Arindam Banerjee, an associate professor of mechanical engineering and mechanics, studies the dynamics of materials in extreme environments. He and his team have built several devices to effectively investigate the dynamics of fluids and other materials under the influence of high acceleration and centrifugal force.
One area of interest is Rayleigh-Taylor instability, which occurs between materials of different densities when the density and pressure gradients are in opposite directions, creating an unstable stratification.
“In the presence of gravity―or any accelerating field―the two materials penetrate one another like ‘fingers,’” says Banerjee.
According to Banerjee, the understanding of the instability is mostly confined to fluids (liquids or gases).
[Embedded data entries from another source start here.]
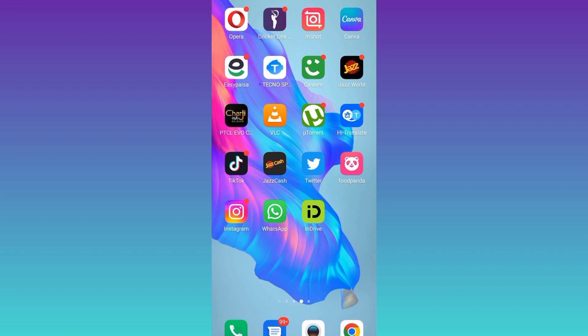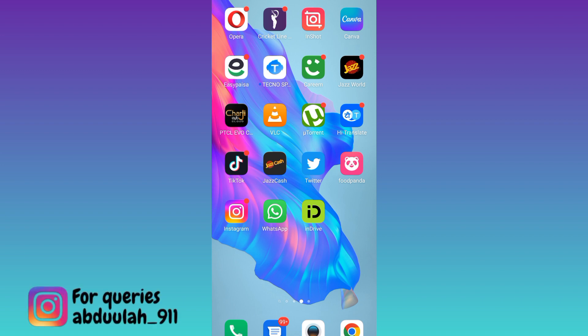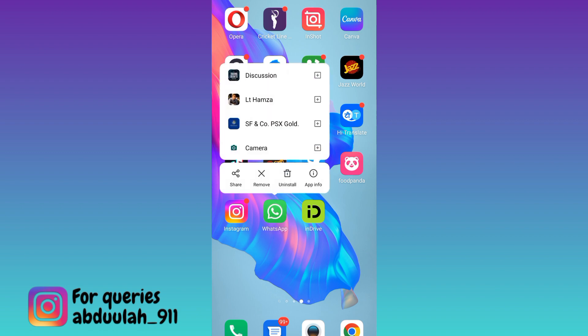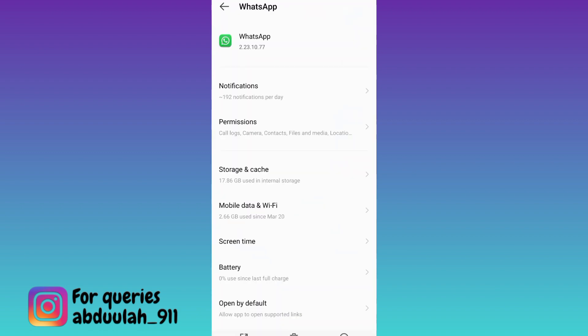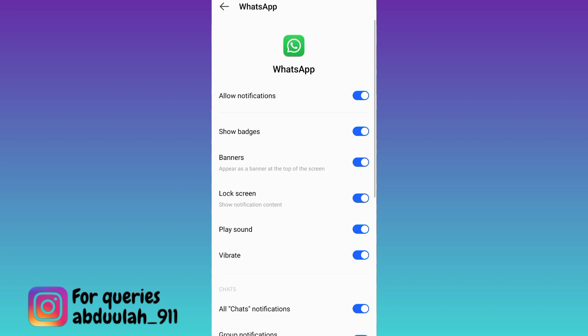In order to temporarily deactivate your WhatsApp account without deleting, all you have to do is long press on this WhatsApp logo and go to app info. Click on the first option notifications and then disable this allow notifications option.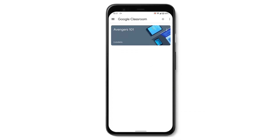Today we're going to be looking at one feature in particular which is the Student Selector. And as its name suggests, it lets you randomly pick a student to ask a question.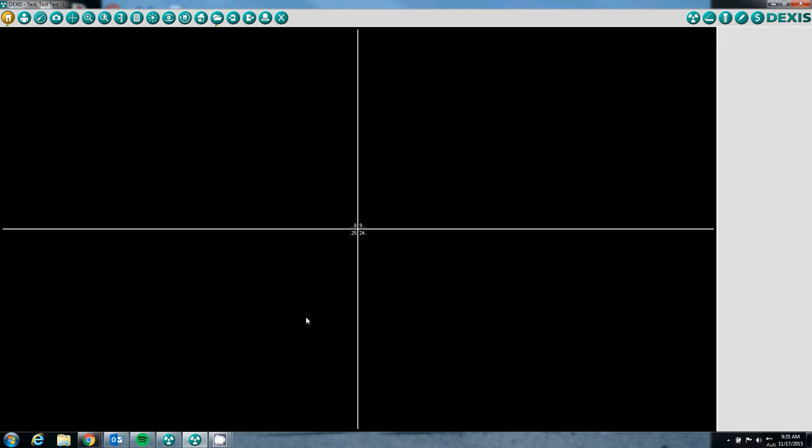At this point we have already installed the calibration file for the uniray sensor as well as the drivers. The sensor is connected to the computer and we are ready to take x-rays.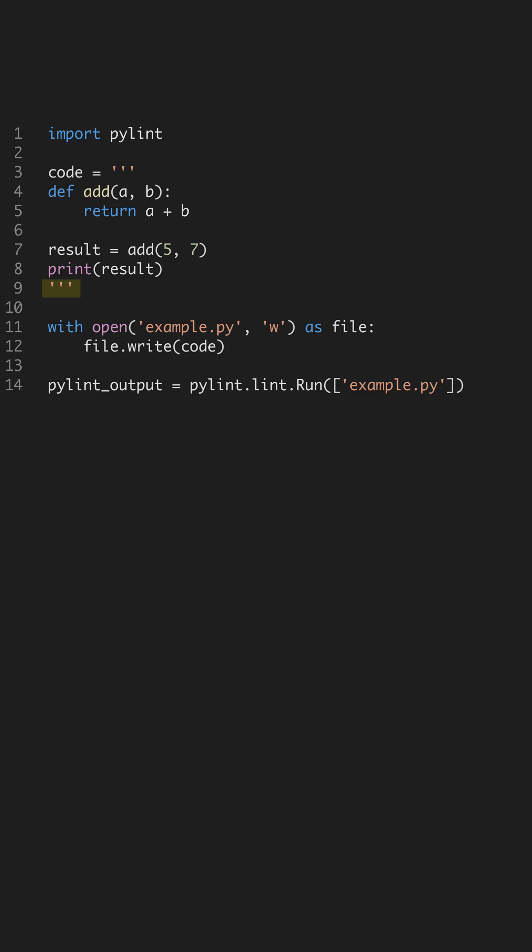The output from PyLint is clear and actionable. It shows a list of warnings and errors, if any, making it easier for you to understand exactly where improvements are needed. This immediate feedback loop is invaluable for learning and development.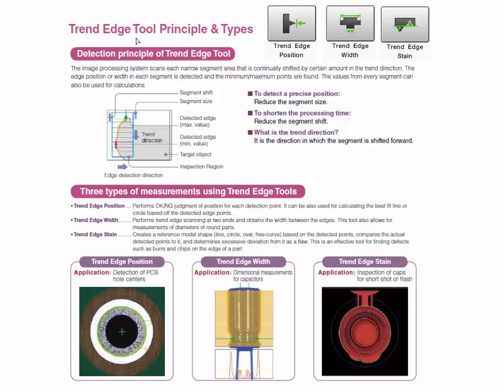This video will give you an overview of the trend edge type tools and some of the common settings used across these tools. The trend edge tools on the CVX are edge-based tools.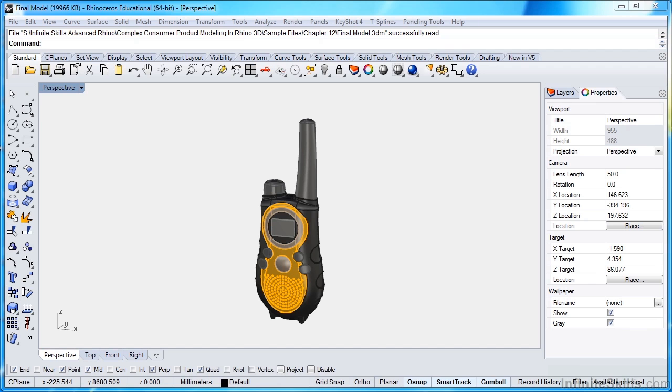So I believe this is a very helpful course that'll show you not only how to build a complex walkie-talkie, but how to apply those concepts to build your own professional models and create your own professional renderings moving forward. Let's go ahead and get started.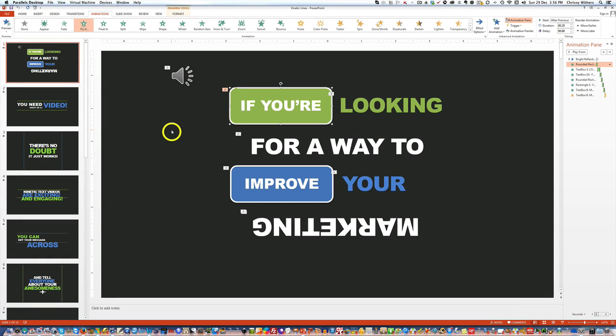This is just a quick video to supplement the video showing how to edit and change the animations with the templates. One member wanted to know specifically how to change the order of the animations with any of the slides.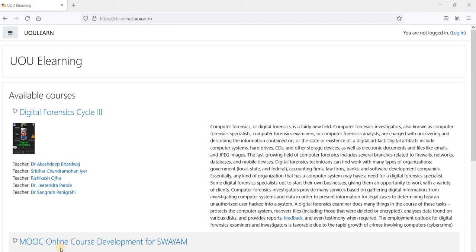Hello everybody, I am Dr. Jitendra Pande, and today I am going to demonstrate how to login to this e-learning website to access this FTP program.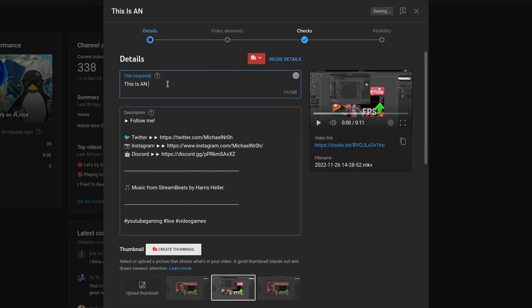In the meantime, the upload should already be done, and we can now start working on the description, tags, and outro cards — just like on any other operating system.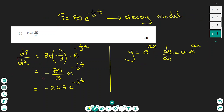Part c asks to find dp/dt — the rate of change of population with respect to time. Using the differentiation rule for exponentials: the derivative of ae^(ax) is a times e^(ax). Applying this to P equals 80 times e to the power of minus (1/3)t, the minus one third comes in front multiplied by 80, giving dp/dt equals minus (80/3) times e to the power of minus (1/3)t, which simplifies to approximately minus 26.7 e to the power of minus (1/3)t.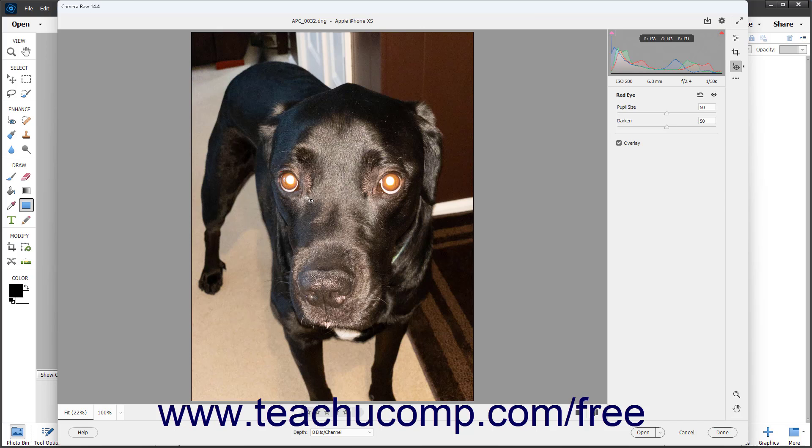After the overlay appears on screen, you can move it and resize it as needed.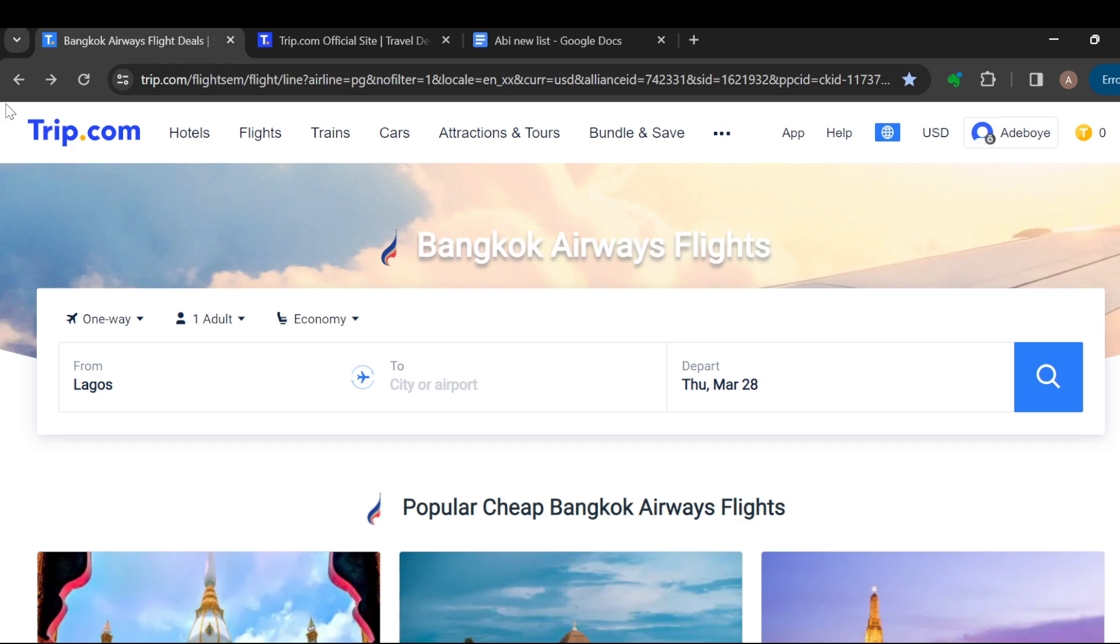to log into your Bangkok Airways account, just like I have done here. Once you're logged in and brought to the home page, you can see several options like Trip.com and other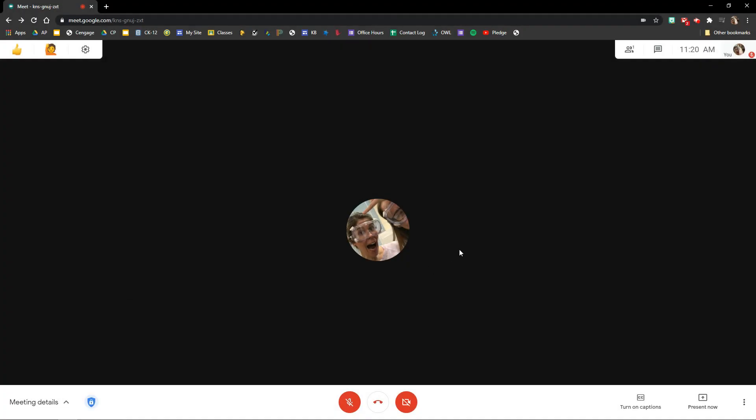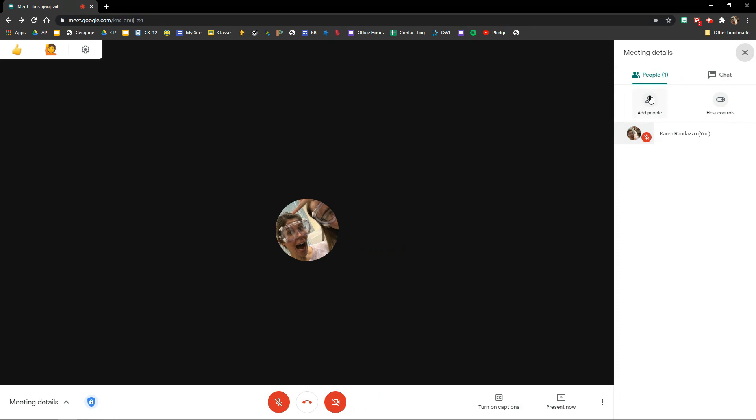Another helpful strategy was teaching my students how to add me to their Google Meet. If they get to a question and have no idea what to do, they can reach out to me. I taught them how to add me, and I keep an eye on my email throughout the entire class period. If I see a Google Meet invitation, I can hop right into their meeting — that lets me know they need help.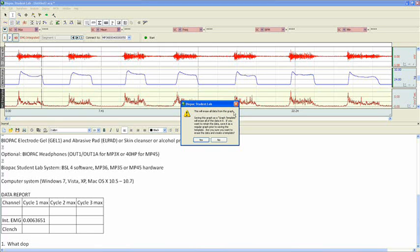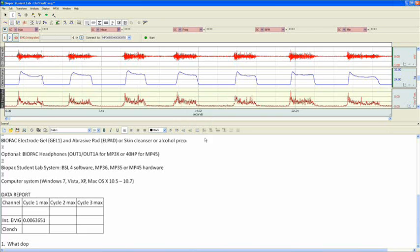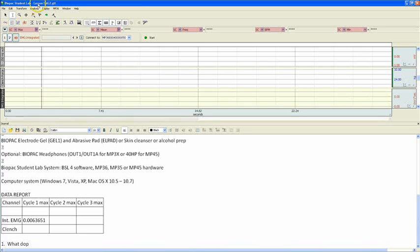Basically, what this message is telling us is that we're not saving this data. We're saving the settings. So, when the students open up this file, there will be no data displayed in the graph window. So, we click Yes. Once the lesson saves as a template, you'll see, again, as the message prompted us, that our data has disappeared. And it's now titled Lesson EMG2.GTL. Well, this is what students are going to see when they open up for Lab Day.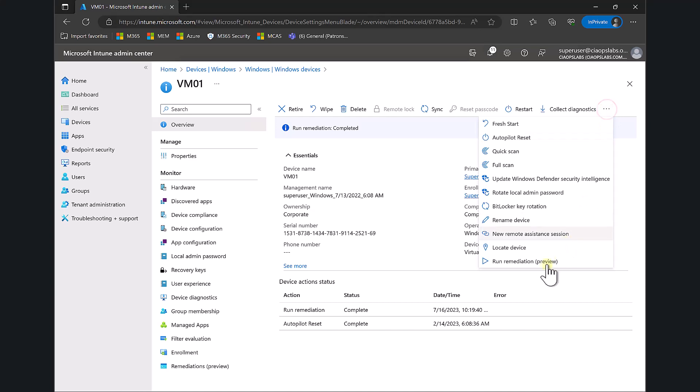We can always run scripts as part of a policy within Intune, but this new option allows us to run a remediation script on demand. As you saw, you can have a detection as well as a remediation capability. The takeaway is that it's very simple to set up and start using. I encourage you to explore the capabilities of this new Run Remediation option available in Microsoft Intune. Thank you very much for watching.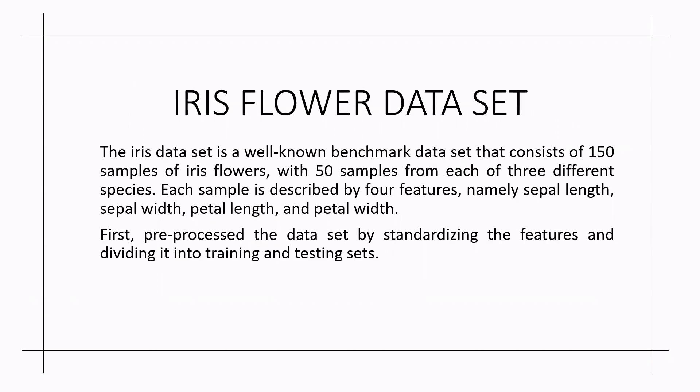Coming to my project, I have taken an iris flower data set. The iris data set is a well-known benchmark data set that consists of 150 samples of iris flowers with 50 samples from each of three different species. Each sample is described by four features, namely sepal length, sepal width, petal length and petal width.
Not much is known about the evolution of the instability in accelerated solids. The short time scales and large measurement uncertainties of accelerated solids make investigating this kind of material very challenging.
Banerjee and his team have succeeded in characterizing the interface between an elastic-plastic material and a light material under acceleration. They discovered that the onset of the instability―or “instability threshold”―was related to the size of the amplitude (perturbation) and wavelength (distance between crests of a wave) applied. Their results showed that for both two-dimensional and three-dimensional perturbations (or motions), a decrease in initial amplitude and wavelength produced a more stable interface, thereby increasing the acceleration required for instability.
These results are described in a paper published in Physical Review E called “Rayleigh-Taylor-instability experiments with elastic-plastic materials.” In addition to Banerjee, co-authors include Rinosh Polavarapu (a current Ph.D. student) and Pamela Roach (a former M.S. student) in Banerjee’s group.
“There has been an ongoing debate in the scientific community about whether instability growth is a function of the initial conditions or a more local catastrophic process,” says Banerjee. “Our experiments confirm the former conclusion: that interface growth is strongly dependent on the choice of initial conditions, such as amplitude and wavelength.”